Editor’s Epilogue: Writing is my security blanket


Jenna Peterson doing various things in her room like reading and writing
(Daniel Chung | Daily Trojan)

I am in the wildest love-hate relationship I’ve ever known with words. Of course, I’m here — writing this piece at 2 a.m. when I desperately need at least one night of quality sleep — because of the love part of the relationship.

I read a book for the first time when I was just two years old. According to what’s become a greatly-referenced legend of my childhood, my grandmother gifted me a copy of “Go Away, Big Green Monster!” by Ed Emberley for Christmas — a story my parents were certain I had never seen before. Unprompted, I sat down and started to read aloud as everyone’s mouths fell agape. 

I’m not telling this story to brag about my language abilities as an infant, but to show just how intuitive words were for me from the start. 

Ever since “Go Away, Big Green Monster!” the written word has been my primary method of expression — it’s where I’m most comfortable. Speaking was a different story, and this is where the hate side of the relationship comes in. 

No matter how hard I try, I can never make my brain run at an efficient speed. I’m either bouncing off the walls — interrupting people and embarrassingly oversharing — or am unable to form a coherent thought because my head is quite literally empty. 

But when I write, there are rules to follow that guide me out of the chaos in my mind. I can see when too many commas turn a sentence into a run-on, unlike when my meaningless ramblings dissipate without a clear conclusion. I know when I’m too far away from the minimum word count, instead of realizing after the fact that I didn’t take up nearly enough space in a conversation. 

Every haphazard word I say, I can’t take back. There’s no handy undo button. It’ll be part of the person’s perception of me forever — something I know I should care a lot less about. Instead, writing is beautifully impermanent. I can write a sentence as many times as I need to ensure it has the right tone, rhythm and vocabulary.
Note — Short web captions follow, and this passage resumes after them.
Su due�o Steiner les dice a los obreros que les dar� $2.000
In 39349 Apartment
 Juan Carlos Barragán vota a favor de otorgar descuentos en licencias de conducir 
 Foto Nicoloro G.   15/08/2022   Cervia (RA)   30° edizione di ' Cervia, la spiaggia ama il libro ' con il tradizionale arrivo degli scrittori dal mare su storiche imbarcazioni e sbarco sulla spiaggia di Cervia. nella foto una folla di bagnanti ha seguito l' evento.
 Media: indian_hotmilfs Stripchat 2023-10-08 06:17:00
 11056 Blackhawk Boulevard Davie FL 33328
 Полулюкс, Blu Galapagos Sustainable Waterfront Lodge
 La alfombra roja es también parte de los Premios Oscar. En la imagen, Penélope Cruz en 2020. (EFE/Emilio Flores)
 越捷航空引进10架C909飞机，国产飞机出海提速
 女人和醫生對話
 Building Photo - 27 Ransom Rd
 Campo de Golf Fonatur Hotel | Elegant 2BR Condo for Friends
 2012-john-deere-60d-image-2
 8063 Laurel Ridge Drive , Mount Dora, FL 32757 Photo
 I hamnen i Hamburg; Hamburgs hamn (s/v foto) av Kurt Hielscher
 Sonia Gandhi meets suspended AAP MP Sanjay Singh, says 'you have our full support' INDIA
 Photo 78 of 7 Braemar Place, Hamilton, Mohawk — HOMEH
Even though I seem to lack the ability to edit my spoken words in real time, I can change the punctuation or capitalization of a text to come across exactly as I intend to. 

While I by no means think these struggles are unique, the universe decided to concoct me a delectable mental illness cocktail — ADHD and a sprinkle (but like, a slip of the hand sprinkle that turns into more of a pour) of anxiety — that I rarely go a day without thinking about in my never-ending and perpetually-repetitive cycle of thoughts. 

The summer before my sophomore year, I finally learned the ingredients of this cocktail, which (long story short) led me to seriously consider dropping out of USC. I had the impossible task of coming to terms with the fact that, for 19 years, I tried to fit my square-pegged self into a world that’s a circular hole. A world of constant deadlines, where fast replies to text messages are imperative to maintaining relationships, where I’m expected to have substantive contributions to class discussions — none of which ever has, nor probably ever will, come easily to me. 

That fateful summer, I turned back to the written word and started journaling every chance I got. Something about turning my jumbled cloud of thoughts into a tangible product brought clarity like no other. Seeing these big feelings written into simple sentences made me realize that maybe my problems aren’t so unique and daunting, and that I can actually do something about them other than let them linger and build up inside of me. 

When I decided that I’d return to USC for at least one more semester to give it a fair chance, the written word was still there for me. I wasn’t even sure if I still wanted to pursue journalism, but reporting on important issues that fall reminded me why I fell in love with it in the first place. Journalism, like journaling, is the act of taking overwhelming current events and putting the intense emotions that come with them into words for people. It’s a reminder that we aren’t alone in this oftentimes discouraging world. 

Eventually, the written word led me here — as the managing editor of the Daily Trojan — writing this piece and sharing things that I never in a million years thought I’d share with the public. If you had told me even two years ago that I’d be here, I wouldn’t have believed you. And even though my future is terrifyingly uncertain right now, I have faith that somehow words will be there, guiding me. 

But for now, I’ll keep putting my overwhelming thoughts on a page, for myself and anyone else who happens to be reading. Just don’t ask me to talk about them. 

“Editors’ Epilogue” is a rotating column featuring a new Daily Trojan editor in each installment and their personal experiences of living in what seems to be an irrepressible dumpster fire of a world. Jenna Peterson is the managing editor of the Daily Trojan.